= Beginning of Section =

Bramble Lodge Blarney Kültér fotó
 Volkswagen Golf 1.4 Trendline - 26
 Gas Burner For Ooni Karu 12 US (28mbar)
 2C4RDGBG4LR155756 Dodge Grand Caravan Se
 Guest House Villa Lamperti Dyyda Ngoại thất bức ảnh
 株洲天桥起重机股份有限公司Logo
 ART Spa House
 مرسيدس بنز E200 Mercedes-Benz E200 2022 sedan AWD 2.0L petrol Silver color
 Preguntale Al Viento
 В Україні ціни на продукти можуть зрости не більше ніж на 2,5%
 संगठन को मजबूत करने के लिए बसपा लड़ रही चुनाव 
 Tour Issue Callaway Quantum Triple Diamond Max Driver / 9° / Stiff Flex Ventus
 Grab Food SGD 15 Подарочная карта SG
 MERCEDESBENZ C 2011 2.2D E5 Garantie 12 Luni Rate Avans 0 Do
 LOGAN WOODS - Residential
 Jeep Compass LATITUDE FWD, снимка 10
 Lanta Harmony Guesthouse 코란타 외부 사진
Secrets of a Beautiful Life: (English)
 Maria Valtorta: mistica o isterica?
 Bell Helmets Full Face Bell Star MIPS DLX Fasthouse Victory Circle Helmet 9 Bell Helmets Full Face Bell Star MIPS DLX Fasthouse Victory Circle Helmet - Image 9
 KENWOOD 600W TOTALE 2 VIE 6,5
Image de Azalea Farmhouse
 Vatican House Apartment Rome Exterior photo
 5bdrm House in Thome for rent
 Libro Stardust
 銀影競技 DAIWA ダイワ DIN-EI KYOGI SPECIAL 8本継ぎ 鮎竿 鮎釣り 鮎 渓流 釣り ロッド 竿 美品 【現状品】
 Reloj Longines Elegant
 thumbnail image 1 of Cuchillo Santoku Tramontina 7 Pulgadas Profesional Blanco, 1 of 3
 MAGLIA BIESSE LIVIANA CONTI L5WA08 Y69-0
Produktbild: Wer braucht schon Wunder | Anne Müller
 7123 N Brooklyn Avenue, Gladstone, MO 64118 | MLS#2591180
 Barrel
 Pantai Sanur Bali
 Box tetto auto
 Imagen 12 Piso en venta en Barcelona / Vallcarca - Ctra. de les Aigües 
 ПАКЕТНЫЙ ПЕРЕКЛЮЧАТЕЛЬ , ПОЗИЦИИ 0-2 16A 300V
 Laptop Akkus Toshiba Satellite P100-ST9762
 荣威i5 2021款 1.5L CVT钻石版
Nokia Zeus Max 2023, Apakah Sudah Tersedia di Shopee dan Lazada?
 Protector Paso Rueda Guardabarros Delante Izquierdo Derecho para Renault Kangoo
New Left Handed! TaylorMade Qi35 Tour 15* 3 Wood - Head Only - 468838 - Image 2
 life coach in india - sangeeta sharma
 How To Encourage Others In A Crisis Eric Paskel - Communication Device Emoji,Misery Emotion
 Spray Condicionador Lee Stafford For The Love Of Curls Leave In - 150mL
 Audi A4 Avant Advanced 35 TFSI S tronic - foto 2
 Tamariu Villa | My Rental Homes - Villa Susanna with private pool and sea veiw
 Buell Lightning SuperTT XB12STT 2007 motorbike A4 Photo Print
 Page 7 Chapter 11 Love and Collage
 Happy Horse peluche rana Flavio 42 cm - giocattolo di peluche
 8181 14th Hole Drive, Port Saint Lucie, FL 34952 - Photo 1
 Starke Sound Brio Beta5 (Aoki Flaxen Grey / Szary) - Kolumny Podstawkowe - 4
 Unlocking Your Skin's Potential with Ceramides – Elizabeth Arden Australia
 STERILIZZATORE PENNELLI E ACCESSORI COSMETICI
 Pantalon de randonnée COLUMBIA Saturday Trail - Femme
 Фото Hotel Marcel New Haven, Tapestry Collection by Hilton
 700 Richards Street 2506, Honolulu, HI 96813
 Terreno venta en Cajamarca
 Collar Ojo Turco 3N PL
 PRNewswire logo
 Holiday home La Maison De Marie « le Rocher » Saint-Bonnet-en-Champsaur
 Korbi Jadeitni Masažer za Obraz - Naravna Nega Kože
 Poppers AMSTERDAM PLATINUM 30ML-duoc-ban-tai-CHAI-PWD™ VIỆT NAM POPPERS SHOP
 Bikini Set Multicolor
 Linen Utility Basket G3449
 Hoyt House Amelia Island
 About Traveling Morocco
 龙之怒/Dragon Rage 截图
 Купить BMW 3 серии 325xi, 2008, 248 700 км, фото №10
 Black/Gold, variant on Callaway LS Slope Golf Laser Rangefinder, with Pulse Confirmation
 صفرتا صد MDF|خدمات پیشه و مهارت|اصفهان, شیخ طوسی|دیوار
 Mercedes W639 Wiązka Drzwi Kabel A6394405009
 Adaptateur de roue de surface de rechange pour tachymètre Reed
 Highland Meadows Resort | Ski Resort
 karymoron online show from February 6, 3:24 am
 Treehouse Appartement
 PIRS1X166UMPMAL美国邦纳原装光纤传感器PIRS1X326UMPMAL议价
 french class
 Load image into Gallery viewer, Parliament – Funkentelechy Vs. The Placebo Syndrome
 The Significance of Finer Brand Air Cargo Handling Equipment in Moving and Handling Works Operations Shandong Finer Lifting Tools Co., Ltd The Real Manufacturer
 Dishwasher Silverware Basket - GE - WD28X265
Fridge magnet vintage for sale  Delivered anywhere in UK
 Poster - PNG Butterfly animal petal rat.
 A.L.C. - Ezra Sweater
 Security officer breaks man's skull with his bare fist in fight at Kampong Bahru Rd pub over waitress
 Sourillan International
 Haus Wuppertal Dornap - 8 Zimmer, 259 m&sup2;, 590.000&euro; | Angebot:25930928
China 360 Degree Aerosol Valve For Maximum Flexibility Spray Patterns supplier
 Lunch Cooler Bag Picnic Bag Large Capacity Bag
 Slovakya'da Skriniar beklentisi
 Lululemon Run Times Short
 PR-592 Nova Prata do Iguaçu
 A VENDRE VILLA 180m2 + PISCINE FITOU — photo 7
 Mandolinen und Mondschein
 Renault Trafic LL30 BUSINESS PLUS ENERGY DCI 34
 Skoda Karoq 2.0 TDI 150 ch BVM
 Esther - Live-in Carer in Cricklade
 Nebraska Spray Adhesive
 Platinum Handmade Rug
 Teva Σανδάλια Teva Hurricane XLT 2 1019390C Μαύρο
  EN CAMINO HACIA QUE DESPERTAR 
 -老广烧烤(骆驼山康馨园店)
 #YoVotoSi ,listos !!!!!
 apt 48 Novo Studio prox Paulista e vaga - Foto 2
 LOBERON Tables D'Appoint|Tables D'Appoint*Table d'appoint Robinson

= End of Section =

Exercise:
Print out each line of the data exactly.

Written answer:
Bramble Lodge Blarney Kültér fotó
 Volkswagen Golf 1.4 Trendline - 26
 Gas Burner For Ooni Karu 12 US (28mbar)
 2C4RDGBG4LR155756 Dodge Grand Caravan Se
 Guest House Villa Lamperti Dyyda Ngoại thất bức ảnh
 株洲天桥起重机股份有限公司Logo
 ART Spa House
 مرسيدس بنز E200 Mercedes-Benz E200 2022 sedan AWD 2.0L petrol Silver color
 Preguntale Al Viento
 В Україні ціни на продукти можуть зрости не більше ніж на 2,5%
 संगठन को मजबूत करने के लिए बसपा लड़ रही चुनाव 
 Tour Issue Callaway Quantum Triple Diamond Max Driver / 9° / Stiff Flex Ventus
 Grab Food SGD 15 Подарочная карта SG
 MERCEDESBENZ C 2011 2.2D E5 Garantie 12 Luni Rate Avans 0 Do
 LOGAN WOODS - Residential
 Jeep Compass LATITUDE FWD, снимка 10
 Lanta Harmony Guesthouse 코란타 외부 사진
Secrets of a Beautiful Life: (English)
 Maria Valtorta: mistica o isterica?
 Bell Helmets Full Face Bell Star MIPS DLX Fasthouse Victory Circle Helmet 9 Bell Helmets Full Face Bell Star MIPS DLX Fasthouse Victory Circle Helmet - Image 9
 KENWOOD 600W TOTALE 2 VIE 6,5
Image de Azalea Farmhouse
 Vatican House Apartment Rome Exterior photo
 5bdrm House in Thome for rent
 Libro Stardust
 銀影競技 DAIWA ダイワ DIN-EI KYOGI SPECIAL 8本継ぎ 鮎竿 鮎釣り 鮎 渓流 釣り ロッド 竿 美品 【現状品】
 Reloj Longines Elegant
 thumbnail image 1 of Cuchillo Santoku Tramontina 7 Pulgadas Profesional Blanco, 1 of 3
 MAGLIA BIESSE LIVIANA CONTI L5WA08 Y69-0
Produktbild: Wer braucht schon Wunder | Anne Müller
 7123 N Brooklyn Avenue, Gladstone, MO 64118 | MLS#2591180
 Barrel
 Pantai Sanur Bali
 Box tetto auto
 Imagen 12 Piso en venta en Barcelona / Vallcarca - Ctra. de les Aigües 
 ПАКЕТНЫЙ ПЕРЕКЛЮЧАТЕЛЬ , ПОЗИЦИИ 0-2 16A 300V
 Laptop Akkus Toshiba Satellite P100-ST9762
 荣威i5 2021款 1.5L CVT钻石版
Nokia Zeus Max 2023, Apakah Sudah Tersedia di Shopee dan Lazada?
 Protector Paso Rueda Guardabarros Delante Izquierdo Derecho para Renault Kangoo
New Left Handed! TaylorMade Qi35 Tour 15* 3 Wood - Head Only - 468838 - Image 2
 life coach in india - sangeeta sharma
 How To Encourage Others In A Crisis Eric Paskel - Communication Device Emoji,Misery Emotion
 Spray Condicionador Lee Stafford For The Love Of Curls Leave In - 150mL
 Audi A4 Avant Advanced 35 TFSI S tronic - foto 2
 Tamariu Villa | My Rental Homes - Villa Susanna with private pool and sea veiw
 Buell Lightning SuperTT XB12STT 2007 motorbike A4 Photo Print
 Page 7 Chapter 11 Love and Collage
 Happy Horse peluche rana Flavio 42 cm - giocattolo di peluche
 8181 14th Hole Drive, Port Saint Lucie, FL 34952 - Photo 1
 Starke Sound Brio Beta5 (Aoki Flaxen Grey / Szary) - Kolumny Podstawkowe - 4
 Unlocking Your Skin's Potential with Ceramides – Elizabeth Arden Australia
 STERILIZZATORE PENNELLI E ACCESSORI COSMETICI
 Pantalon de randonnée COLUMBIA Saturday Trail - Femme
 Фото Hotel Marcel New Haven, Tapestry Collection by Hilton
 700 Richards Street 2506, Honolulu, HI 96813
 Terreno venta en Cajamarca
 Collar Ojo Turco 3N PL
 PRNewswire logo
 Holiday home La Maison De Marie « le Rocher » Saint-Bonnet-en-Champsaur
 Korbi Jadeitni Masažer za Obraz - Naravna Nega Kože
 Poppers AMSTERDAM PLATINUM 30ML-duoc-ban-tai-CHAI-PWD™ VIỆT NAM POPPERS SHOP
 Bikini Set Multicolor
 Linen Utility Basket G3449
 Hoyt House Amelia Island
 About Traveling Morocco
 龙之怒/Dragon Rage 截图
 Купить BMW 3 серии 325xi, 2008, 248 700 км, фото №10
 Black/Gold, variant on Callaway LS Slope Golf Laser Rangefinder, with Pulse Confirmation
 صفرتا صد MDF|خدمات پیشه و مهارت|اصفهان, شیخ طوسی|دیوار
 Mercedes W639 Wiązka Drzwi Kabel A6394405009
 Adaptateur de roue de surface de rechange pour tachymètre Reed
 Highland Meadows Resort | Ski Resort
 karymoron online show from February 6, 3:24 am
 Treehouse Appartement
 PIRS1X166UMPMAL美国邦纳原装光纤传感器PIRS1X326UMPMAL议价
 french class
 Load image into Gallery viewer, Parliament – Funkentelechy Vs. The Placebo Syndrome
 The Significance of Finer Brand Air Cargo Handling Equipment in Moving and Handling Works Operations Shandong Finer Lifting Tools Co., Ltd The Real Manufacturer
 Dishwasher Silverware Basket - GE - WD28X265
Fridge magnet vintage for sale  Delivered anywhere in UK
 Poster - PNG Butterfly animal petal rat.
 A.L.C. - Ezra Sweater
 Security officer breaks man's skull with his bare fist in fight at Kampong Bahru Rd pub over waitress
 Sourillan International
 Haus Wuppertal Dornap - 8 Zimmer, 259 m&sup2;, 590.000&euro; | Angebot:25930928
China 360 Degree Aerosol Valve For Maximum Flexibility Spray Patterns supplier
 Lunch Cooler Bag Picnic Bag Large Capacity Bag
 Slovakya'da Skriniar beklentisi
 Lululemon Run Times Short
 PR-592 Nova Prata do Iguaçu
 A VENDRE VILLA 180m2 + PISCINE FITOU — photo 7
 Mandolinen und Mondschein
 Renault Trafic LL30 BUSINESS PLUS ENERGY DCI 34
 Skoda Karoq 2.0 TDI 150 ch BVM
 Esther - Live-in Carer in Cricklade
 Nebraska Spray Adhesive
 Platinum Handmade Rug
 Teva Σανδάλια Teva Hurricane XLT 2 1019390C Μαύρο
  EN CAMINO HACIA QUE DESPERTAR 
 -老广烧烤(骆驼山康馨园店)
 #YoVotoSi ,listos !!!!!
 apt 48 Novo Studio prox Paulista e vaga - Foto 2
 LOBERON Tables D'Appoint|Tables D'Appoint*Table d'appoint Robinson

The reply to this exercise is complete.